Stored data entries:
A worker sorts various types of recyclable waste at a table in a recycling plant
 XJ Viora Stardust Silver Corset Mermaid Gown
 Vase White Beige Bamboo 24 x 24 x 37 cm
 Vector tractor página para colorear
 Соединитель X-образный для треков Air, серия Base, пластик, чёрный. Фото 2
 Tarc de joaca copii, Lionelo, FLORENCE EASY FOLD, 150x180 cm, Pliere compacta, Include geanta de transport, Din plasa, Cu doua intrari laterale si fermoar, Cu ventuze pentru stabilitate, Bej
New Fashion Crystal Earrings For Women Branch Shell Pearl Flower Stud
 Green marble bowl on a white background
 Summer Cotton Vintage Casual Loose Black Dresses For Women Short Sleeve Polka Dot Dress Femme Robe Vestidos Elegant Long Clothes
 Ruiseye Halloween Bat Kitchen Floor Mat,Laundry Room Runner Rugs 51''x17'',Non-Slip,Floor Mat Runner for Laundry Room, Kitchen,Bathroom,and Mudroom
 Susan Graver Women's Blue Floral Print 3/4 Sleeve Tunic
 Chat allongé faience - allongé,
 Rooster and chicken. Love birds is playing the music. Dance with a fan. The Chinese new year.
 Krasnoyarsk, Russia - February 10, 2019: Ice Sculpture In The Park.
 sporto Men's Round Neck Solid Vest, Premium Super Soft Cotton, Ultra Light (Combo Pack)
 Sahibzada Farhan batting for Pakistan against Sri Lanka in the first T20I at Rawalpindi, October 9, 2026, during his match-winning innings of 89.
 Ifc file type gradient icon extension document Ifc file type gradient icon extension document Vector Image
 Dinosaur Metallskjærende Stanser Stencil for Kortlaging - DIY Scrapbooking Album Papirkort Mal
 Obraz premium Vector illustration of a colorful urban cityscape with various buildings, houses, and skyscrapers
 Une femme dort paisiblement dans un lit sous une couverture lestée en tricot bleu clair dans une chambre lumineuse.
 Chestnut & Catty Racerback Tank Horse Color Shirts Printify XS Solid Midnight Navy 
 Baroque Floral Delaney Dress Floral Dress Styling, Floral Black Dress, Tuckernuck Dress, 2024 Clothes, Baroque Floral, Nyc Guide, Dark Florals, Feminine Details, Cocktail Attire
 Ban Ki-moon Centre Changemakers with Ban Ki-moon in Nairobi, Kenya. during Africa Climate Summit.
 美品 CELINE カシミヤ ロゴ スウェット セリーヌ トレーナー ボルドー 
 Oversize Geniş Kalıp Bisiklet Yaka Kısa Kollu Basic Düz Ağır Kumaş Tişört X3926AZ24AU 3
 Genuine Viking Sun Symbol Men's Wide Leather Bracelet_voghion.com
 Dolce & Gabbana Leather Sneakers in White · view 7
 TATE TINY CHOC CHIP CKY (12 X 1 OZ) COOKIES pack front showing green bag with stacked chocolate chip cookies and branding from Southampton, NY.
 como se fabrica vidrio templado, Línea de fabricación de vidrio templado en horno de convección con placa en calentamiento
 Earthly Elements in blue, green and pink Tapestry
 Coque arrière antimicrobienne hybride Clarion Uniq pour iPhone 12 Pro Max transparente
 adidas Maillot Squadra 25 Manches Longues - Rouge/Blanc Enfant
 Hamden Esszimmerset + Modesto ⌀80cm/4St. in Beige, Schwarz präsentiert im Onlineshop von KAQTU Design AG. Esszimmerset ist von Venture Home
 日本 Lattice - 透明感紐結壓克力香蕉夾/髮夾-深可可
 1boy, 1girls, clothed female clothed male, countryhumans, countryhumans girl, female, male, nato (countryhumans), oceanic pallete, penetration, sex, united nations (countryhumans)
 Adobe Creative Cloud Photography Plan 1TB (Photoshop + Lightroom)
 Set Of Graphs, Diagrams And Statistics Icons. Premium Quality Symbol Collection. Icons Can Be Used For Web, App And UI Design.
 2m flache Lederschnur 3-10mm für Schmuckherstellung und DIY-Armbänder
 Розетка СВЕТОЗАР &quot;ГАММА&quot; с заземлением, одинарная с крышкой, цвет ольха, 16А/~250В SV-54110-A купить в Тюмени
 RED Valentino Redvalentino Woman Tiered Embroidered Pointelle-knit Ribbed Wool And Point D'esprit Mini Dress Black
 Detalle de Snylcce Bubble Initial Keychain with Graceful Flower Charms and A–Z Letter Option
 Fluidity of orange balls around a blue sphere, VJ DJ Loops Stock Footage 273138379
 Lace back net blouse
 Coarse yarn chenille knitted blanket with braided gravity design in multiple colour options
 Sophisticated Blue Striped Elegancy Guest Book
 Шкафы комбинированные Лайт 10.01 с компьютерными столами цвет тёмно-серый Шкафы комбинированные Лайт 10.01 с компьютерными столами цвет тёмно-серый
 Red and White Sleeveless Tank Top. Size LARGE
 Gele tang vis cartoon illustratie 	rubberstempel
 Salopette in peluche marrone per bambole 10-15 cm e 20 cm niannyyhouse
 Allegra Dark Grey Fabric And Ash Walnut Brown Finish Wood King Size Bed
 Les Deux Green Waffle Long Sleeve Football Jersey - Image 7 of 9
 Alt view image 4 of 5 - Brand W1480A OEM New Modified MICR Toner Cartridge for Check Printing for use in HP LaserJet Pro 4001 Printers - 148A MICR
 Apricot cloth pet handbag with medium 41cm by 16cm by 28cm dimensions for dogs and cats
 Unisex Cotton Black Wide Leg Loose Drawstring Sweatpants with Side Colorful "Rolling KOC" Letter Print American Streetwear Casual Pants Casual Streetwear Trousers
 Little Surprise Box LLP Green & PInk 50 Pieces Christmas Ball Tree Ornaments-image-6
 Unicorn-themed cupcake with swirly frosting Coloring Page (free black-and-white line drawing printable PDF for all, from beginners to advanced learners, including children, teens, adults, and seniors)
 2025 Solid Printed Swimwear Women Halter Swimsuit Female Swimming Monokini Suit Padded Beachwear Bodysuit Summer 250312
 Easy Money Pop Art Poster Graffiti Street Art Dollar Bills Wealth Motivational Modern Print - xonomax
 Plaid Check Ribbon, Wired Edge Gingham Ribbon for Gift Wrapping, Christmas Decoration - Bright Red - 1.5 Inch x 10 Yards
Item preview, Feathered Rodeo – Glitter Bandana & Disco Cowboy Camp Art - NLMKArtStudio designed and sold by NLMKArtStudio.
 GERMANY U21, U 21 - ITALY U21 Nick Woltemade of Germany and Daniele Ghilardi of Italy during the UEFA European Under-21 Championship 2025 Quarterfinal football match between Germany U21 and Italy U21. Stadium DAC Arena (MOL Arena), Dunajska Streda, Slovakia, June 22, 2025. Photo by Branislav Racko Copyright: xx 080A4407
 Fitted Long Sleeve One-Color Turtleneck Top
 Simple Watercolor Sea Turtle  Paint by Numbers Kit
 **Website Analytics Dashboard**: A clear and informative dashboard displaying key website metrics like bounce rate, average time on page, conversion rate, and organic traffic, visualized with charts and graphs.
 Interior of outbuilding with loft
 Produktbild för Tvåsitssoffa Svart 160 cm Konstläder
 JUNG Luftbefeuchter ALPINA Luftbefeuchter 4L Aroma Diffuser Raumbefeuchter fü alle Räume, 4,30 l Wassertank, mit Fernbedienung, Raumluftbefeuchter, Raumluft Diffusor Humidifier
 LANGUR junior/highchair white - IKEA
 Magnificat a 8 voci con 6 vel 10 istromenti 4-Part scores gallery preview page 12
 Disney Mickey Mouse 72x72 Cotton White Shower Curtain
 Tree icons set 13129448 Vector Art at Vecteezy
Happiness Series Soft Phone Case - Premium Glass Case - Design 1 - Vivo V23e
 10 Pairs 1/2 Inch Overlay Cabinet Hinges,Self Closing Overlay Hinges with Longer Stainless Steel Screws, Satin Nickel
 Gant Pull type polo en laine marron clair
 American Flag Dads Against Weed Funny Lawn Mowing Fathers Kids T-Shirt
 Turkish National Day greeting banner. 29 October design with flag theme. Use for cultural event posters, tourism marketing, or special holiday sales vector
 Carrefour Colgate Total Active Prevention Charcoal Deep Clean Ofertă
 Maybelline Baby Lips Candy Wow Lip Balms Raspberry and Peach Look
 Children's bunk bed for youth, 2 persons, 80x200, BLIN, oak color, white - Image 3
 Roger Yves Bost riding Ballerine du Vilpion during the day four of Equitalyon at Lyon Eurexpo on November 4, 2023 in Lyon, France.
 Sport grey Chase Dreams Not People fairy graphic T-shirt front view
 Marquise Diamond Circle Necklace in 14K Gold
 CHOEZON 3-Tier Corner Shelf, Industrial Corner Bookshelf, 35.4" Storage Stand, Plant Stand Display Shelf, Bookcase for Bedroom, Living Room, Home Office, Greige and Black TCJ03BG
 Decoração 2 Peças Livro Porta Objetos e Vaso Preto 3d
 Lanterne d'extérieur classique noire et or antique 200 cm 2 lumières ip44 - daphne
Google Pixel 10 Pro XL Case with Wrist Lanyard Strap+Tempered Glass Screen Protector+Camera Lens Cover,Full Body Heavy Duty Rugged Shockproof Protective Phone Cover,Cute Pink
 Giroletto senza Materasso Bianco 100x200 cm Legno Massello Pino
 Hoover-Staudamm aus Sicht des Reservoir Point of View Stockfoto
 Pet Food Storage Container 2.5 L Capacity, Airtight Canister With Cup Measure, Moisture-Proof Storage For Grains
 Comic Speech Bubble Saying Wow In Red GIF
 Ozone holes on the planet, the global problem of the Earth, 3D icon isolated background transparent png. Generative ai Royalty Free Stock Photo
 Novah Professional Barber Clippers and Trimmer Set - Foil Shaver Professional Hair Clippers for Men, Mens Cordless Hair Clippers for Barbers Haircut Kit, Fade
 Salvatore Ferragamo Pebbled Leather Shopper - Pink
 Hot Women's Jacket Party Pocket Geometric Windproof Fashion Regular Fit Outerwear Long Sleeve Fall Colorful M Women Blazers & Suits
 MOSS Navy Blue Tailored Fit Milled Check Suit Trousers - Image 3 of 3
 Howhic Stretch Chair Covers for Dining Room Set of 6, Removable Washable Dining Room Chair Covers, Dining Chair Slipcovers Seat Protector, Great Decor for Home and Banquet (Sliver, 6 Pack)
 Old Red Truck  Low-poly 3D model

» INSTRUCTIONS TO FOLLOW:
Would you please repeat exactly the lines above, starting at the line with "Lace back net blouse" and stopping at the line with "Sophisticated Blue Striped", both included?

» OUTPUT:
 Lace back net blouse
 Coarse yarn chenille knitted blanket with braided gravity design in multiple colour options
 Sophisticated Blue Striped Elegancy Guest Book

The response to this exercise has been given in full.